------ DATASET EXCERPT ------

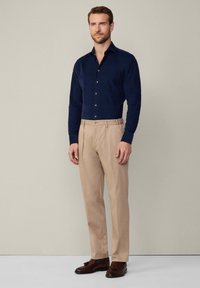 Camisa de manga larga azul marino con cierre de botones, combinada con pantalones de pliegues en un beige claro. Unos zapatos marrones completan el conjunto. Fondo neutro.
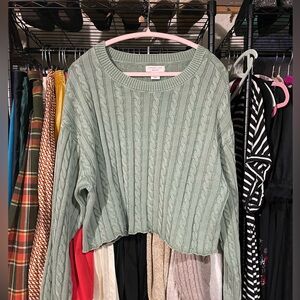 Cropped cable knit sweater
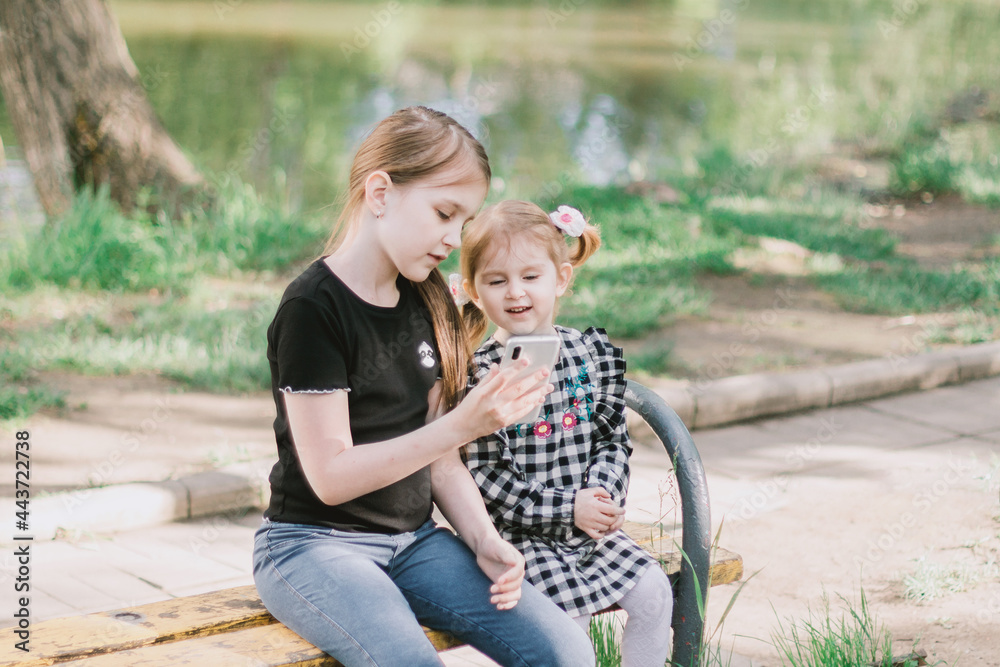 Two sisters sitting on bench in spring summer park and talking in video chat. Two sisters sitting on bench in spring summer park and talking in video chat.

------

• _ABOUT THIS TASK_:
Leave the pictures out. Otherwise, output the listing above exactly.

• _RESPONSE AREA_:
 Camisa de manga larga azul marino con cierre de botones, combinada con pantalones de pliegues en un beige claro. Unos zapatos marrones completan el conjunto. Fondo neutro.
 Cropped cable knit sweater
 Two sisters sitting on bench in spring summer park and talking in video chat. Two sisters sitting on bench in spring summer park and talking in video chat.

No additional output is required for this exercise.